=== THE DATA ===

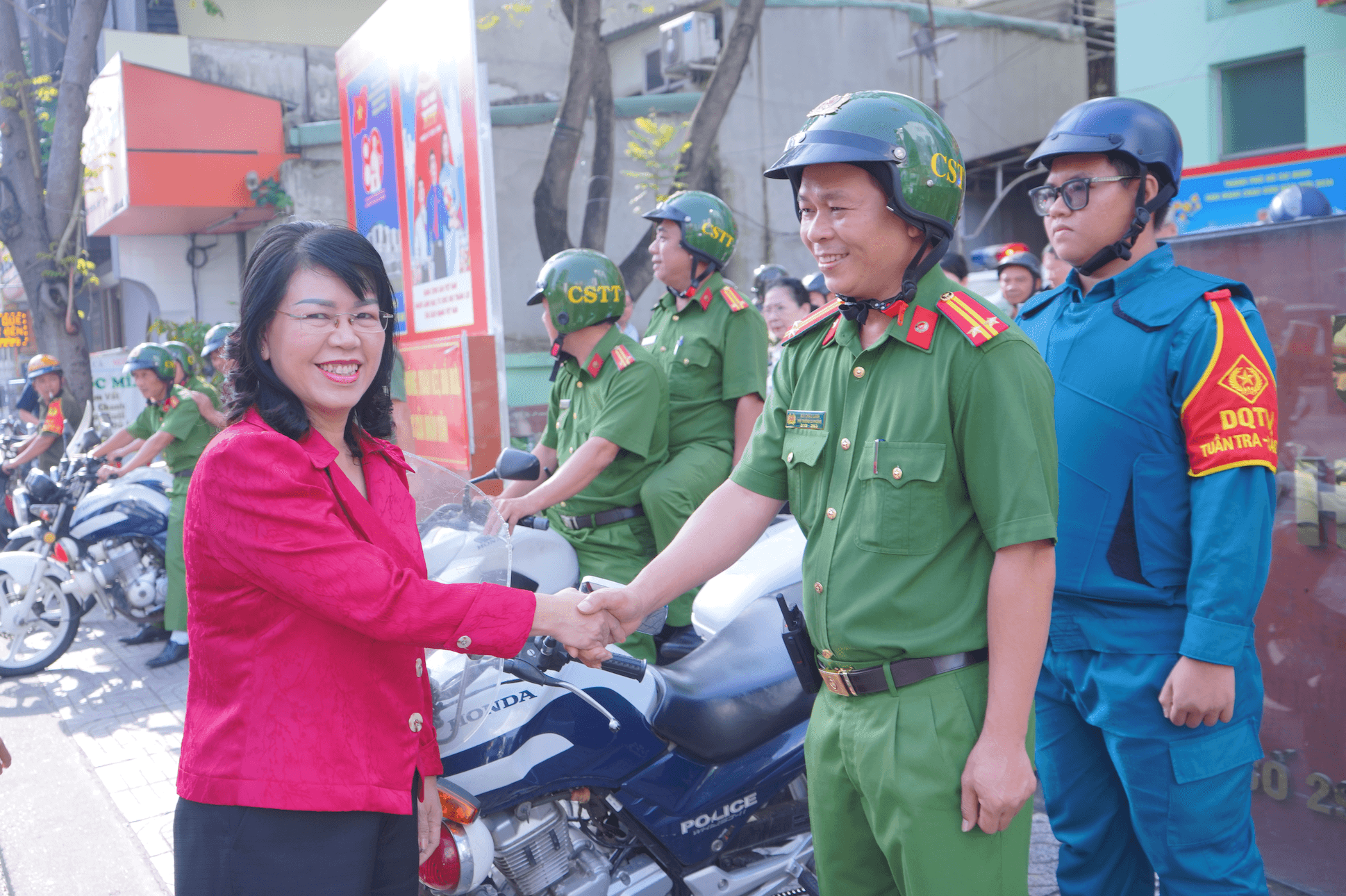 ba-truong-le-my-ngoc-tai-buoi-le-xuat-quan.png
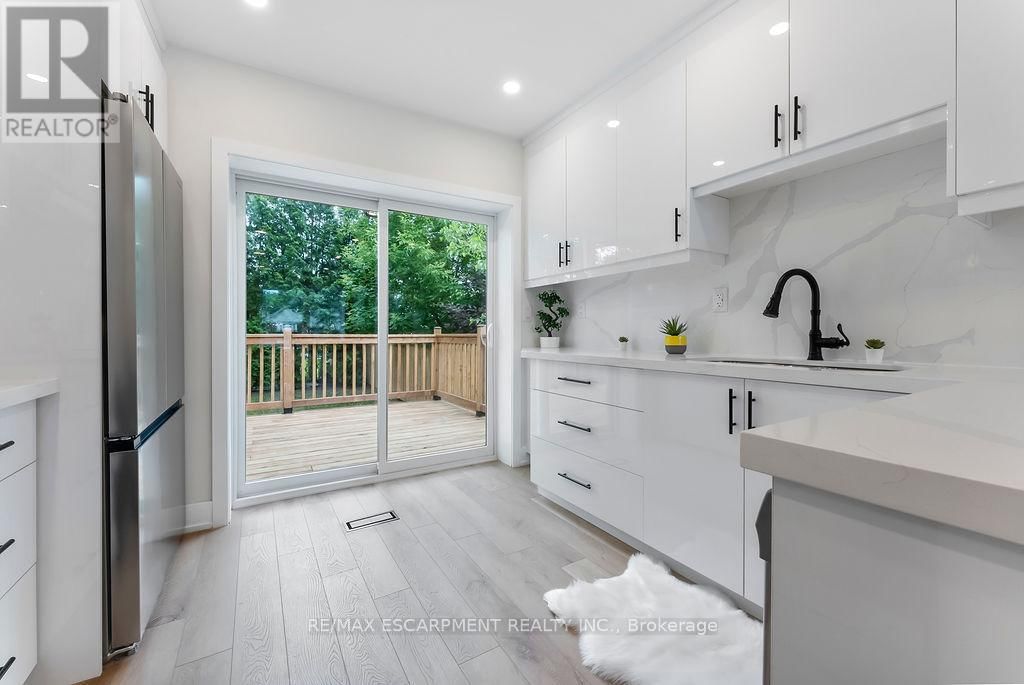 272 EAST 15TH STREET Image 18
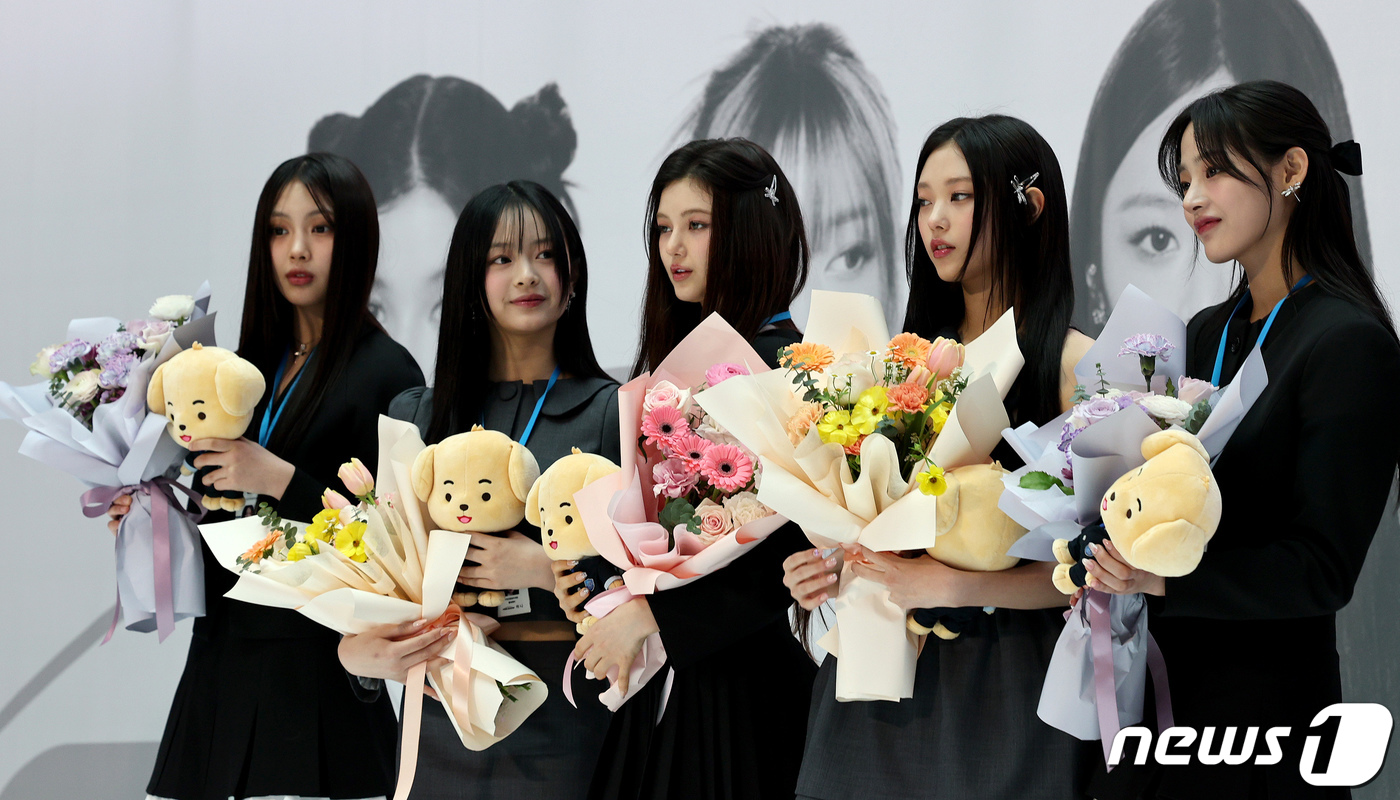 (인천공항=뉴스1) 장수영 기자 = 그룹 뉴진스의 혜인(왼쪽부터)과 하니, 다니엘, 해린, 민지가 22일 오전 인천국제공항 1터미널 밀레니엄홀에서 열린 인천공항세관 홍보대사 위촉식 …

===
=== THE DATA ===

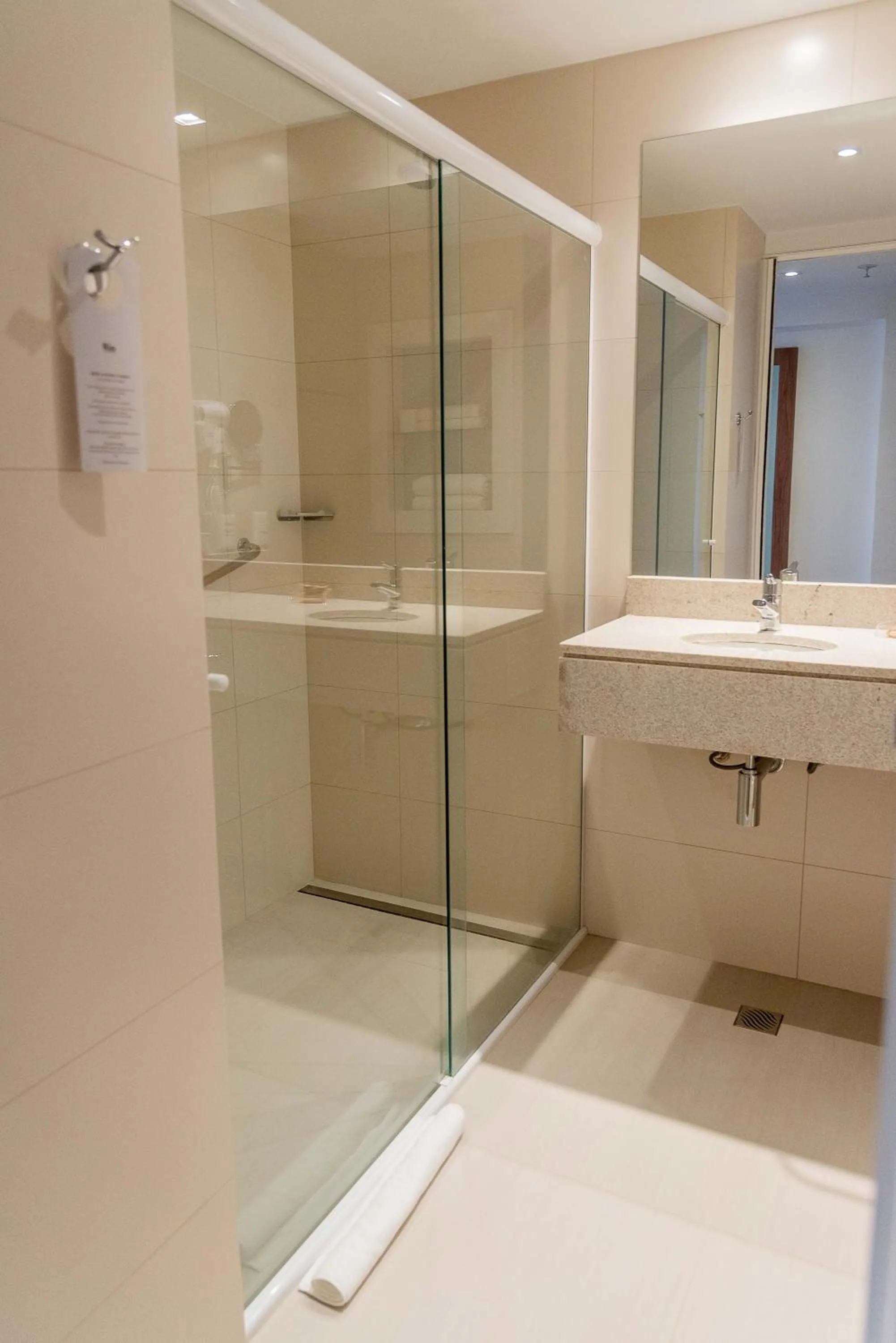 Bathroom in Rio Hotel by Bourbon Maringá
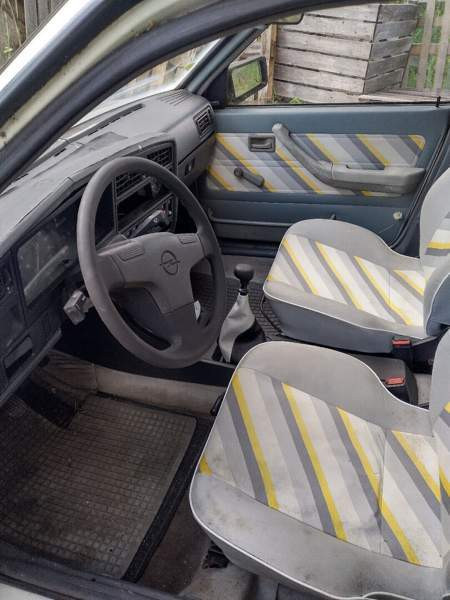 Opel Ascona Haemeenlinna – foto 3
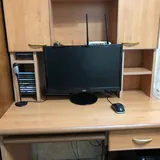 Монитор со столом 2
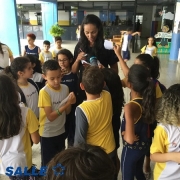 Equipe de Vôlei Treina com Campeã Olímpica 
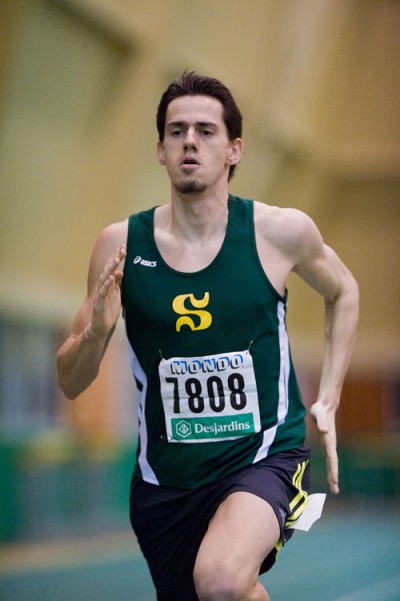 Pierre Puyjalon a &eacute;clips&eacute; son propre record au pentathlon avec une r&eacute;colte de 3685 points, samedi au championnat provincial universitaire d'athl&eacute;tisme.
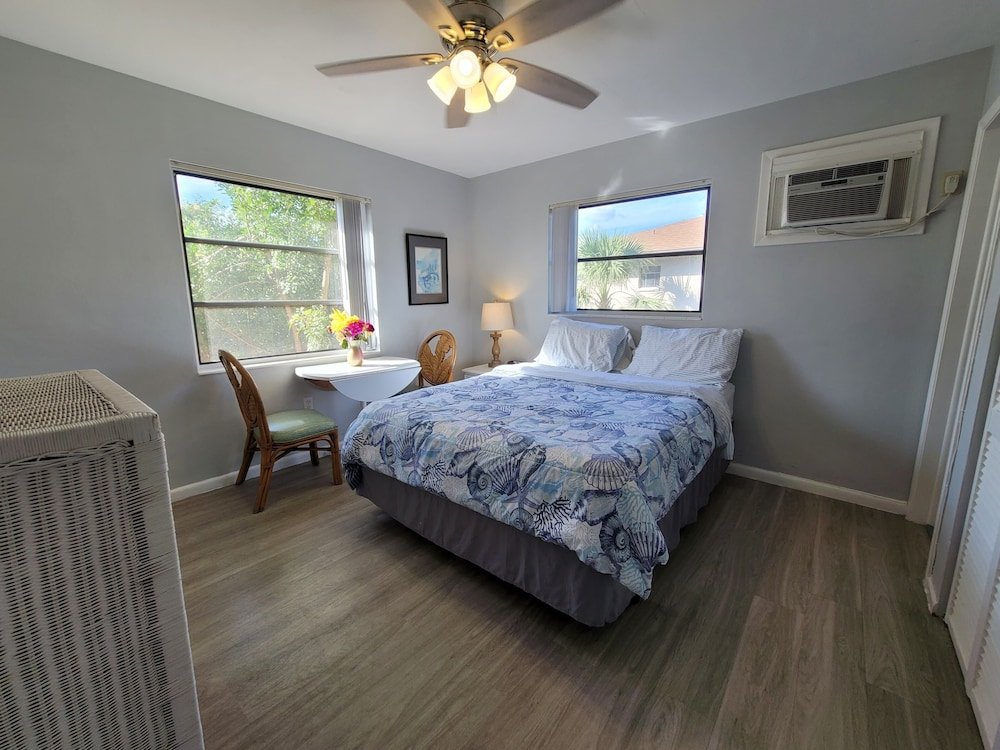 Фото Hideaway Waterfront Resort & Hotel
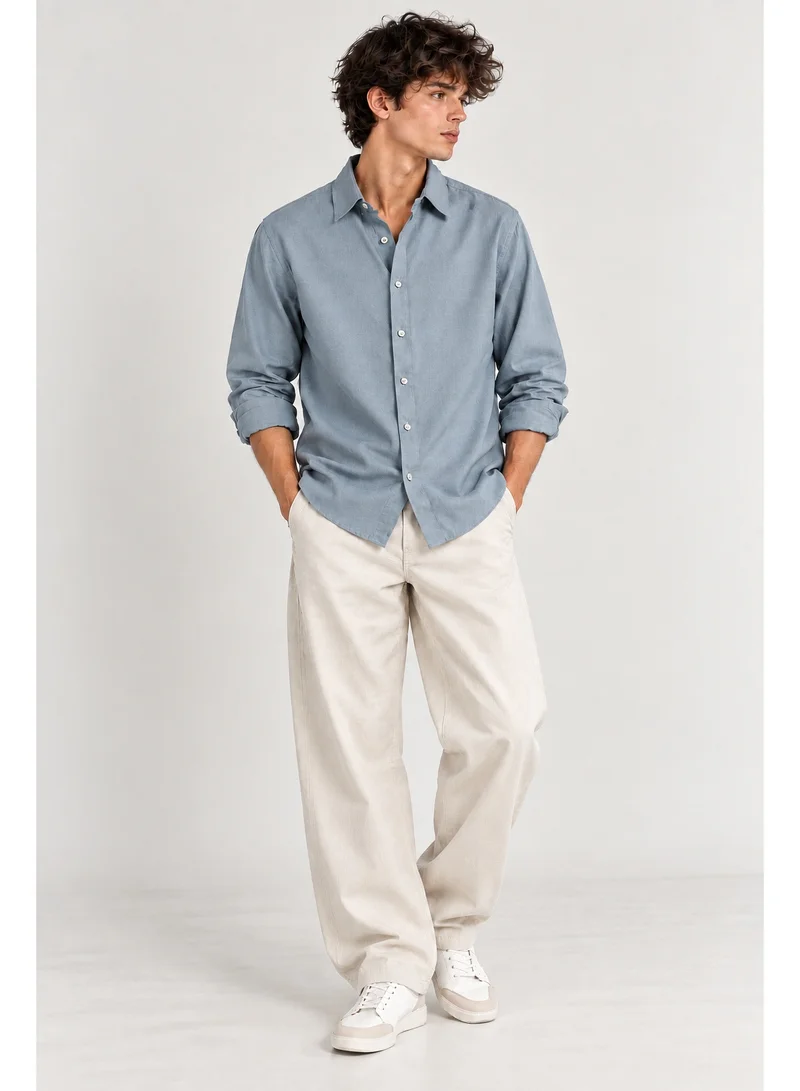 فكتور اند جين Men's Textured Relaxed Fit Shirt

===

▶ [EXERCISE GOAL]: In the listing above, find the line with "Equipe de Vôlei Treina com Campeã Olímpica" and the line with "فكتور اند جين". Transcribe those two and everything between, exactly, leaving out pictures.

▶ [WRITTEN RESPONSE]:
 Equipe de Vôlei Treina com Campeã Olímpica 
 Pierre Puyjalon a &eacute;clips&eacute; son propre record au pentathlon avec une r&eacute;colte de 3685 points, samedi au championnat provincial universitaire d'athl&eacute;tisme.
 Фото Hideaway Waterfront Resort & Hotel
 فكتور اند جين Men's Textured Relaxed Fit Shirt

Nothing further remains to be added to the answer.